Shannon Dunn-Downing

Personal information
- Born: November 26, 1972 (age 53)

Medal record
Women's snowboarding
Representing the United States
Olympic Games
| Bronze medal – third place | 1998 Nagano | Halfpipe |
Winter X Games
| Gold medal – first place | 1997 | Halfpipe |
| Gold medal – first place | 2001 | Superpipe |
| Silver medal – second place | 1999 | Halfpipe |
| Silver medal – second place | 2001 | Slopestyle |

= Shannon Dunn-Downing =

American snowboarder

Shannon Dunn-Downing (born November 26, 1972) is an American snowboarder and Olympic medalist. She received a bronze medal in the halfpipe event at the 1998 Winter Olympics in Nagano, becoming the first American woman to win a medal in snowboarding. She finished 5th at the 2002 Winter Olympics in Salt Lake City.
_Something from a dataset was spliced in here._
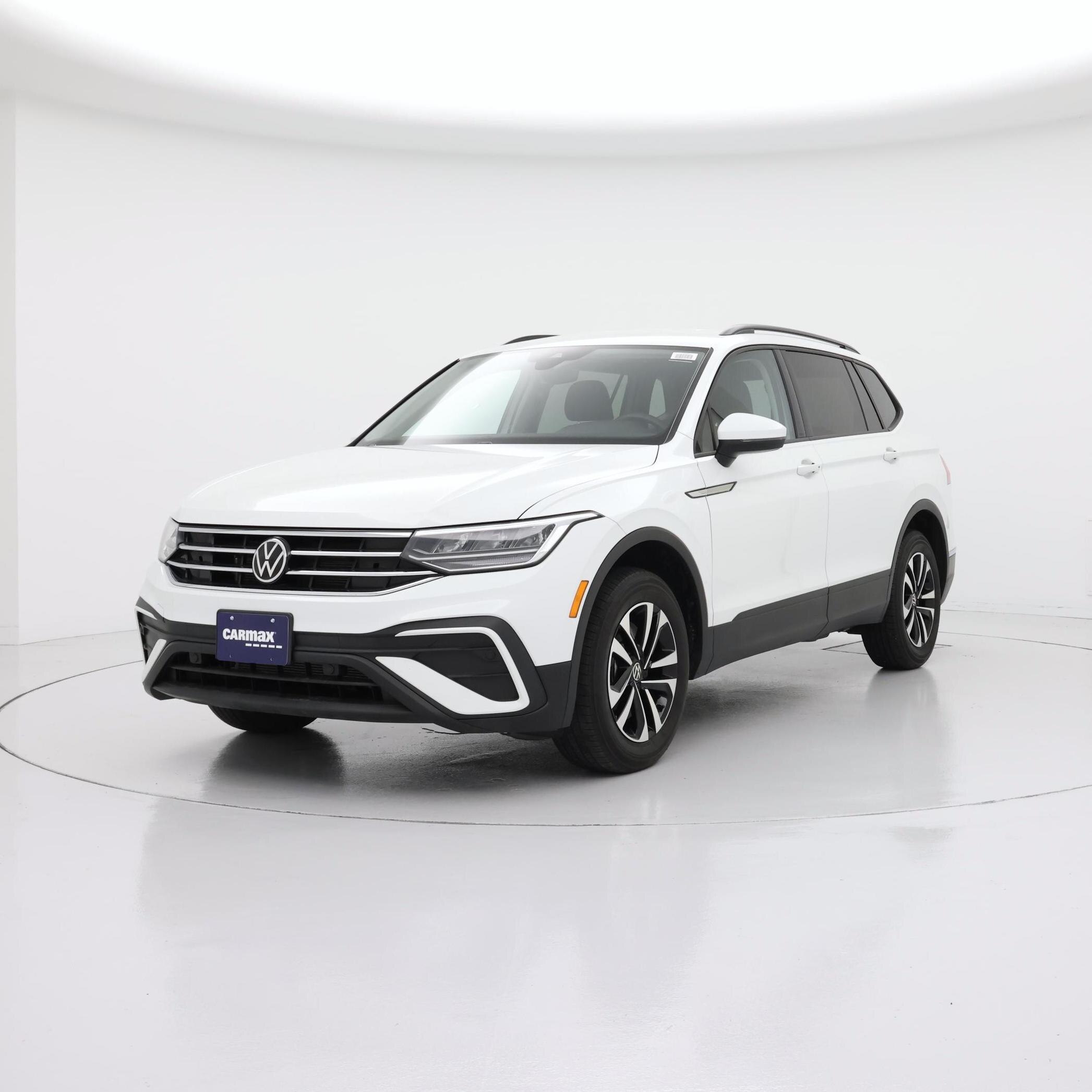 Thumbnail: 2022 Volkswagen Tiguan - 4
She won a gold medal at the first Winter X Games in California 1997, and again in 2001.

==History==

Dunn-Downing started snowboarding in 1988 in Steamboat Springs, CO where she grew up, and began competing in the early 1990s.

She was the first woman to land several difficult halfpipe tricks in competition, including a frontside 540 in 1991, backside 540 in 1994, McTwist in 1994, frontside 720 in 1995, and frontside rodeo 720 in 2001.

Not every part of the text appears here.